EXERCISE - Show each line of the records below where the word "Shoulder" occurs.

SUPPLIED INFORMATION -
☆ ☆ ☆ ☆ ☆

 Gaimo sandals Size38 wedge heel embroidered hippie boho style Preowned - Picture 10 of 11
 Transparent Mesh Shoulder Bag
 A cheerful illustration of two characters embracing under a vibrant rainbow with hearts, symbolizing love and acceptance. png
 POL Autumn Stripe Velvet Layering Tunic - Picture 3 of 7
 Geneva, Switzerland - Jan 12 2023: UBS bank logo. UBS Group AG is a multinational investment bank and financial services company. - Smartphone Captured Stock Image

☆ ☆ ☆ ☆ ☆

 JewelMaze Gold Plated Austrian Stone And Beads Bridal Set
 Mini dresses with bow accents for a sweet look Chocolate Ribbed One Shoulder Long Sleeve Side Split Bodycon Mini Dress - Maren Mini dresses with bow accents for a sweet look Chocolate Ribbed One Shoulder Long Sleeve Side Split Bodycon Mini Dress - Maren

☆ ☆ ☆ ☆ ☆

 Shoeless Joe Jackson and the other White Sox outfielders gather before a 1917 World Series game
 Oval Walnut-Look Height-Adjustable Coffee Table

☆ ☆ ☆ ☆ ☆

ANSWER TO THIS EXERCISE -
 Transparent Mesh Shoulder Bag
 Mini dresses with bow accents for a sweet look Chocolate Ribbed One Shoulder Long Sleeve Side Split Bodycon Mini Dress - Maren Mini dresses with bow accents for a sweet look Chocolate Ribbed One Shoulder Long Sleeve Side Split Bodycon Mini Dress - Maren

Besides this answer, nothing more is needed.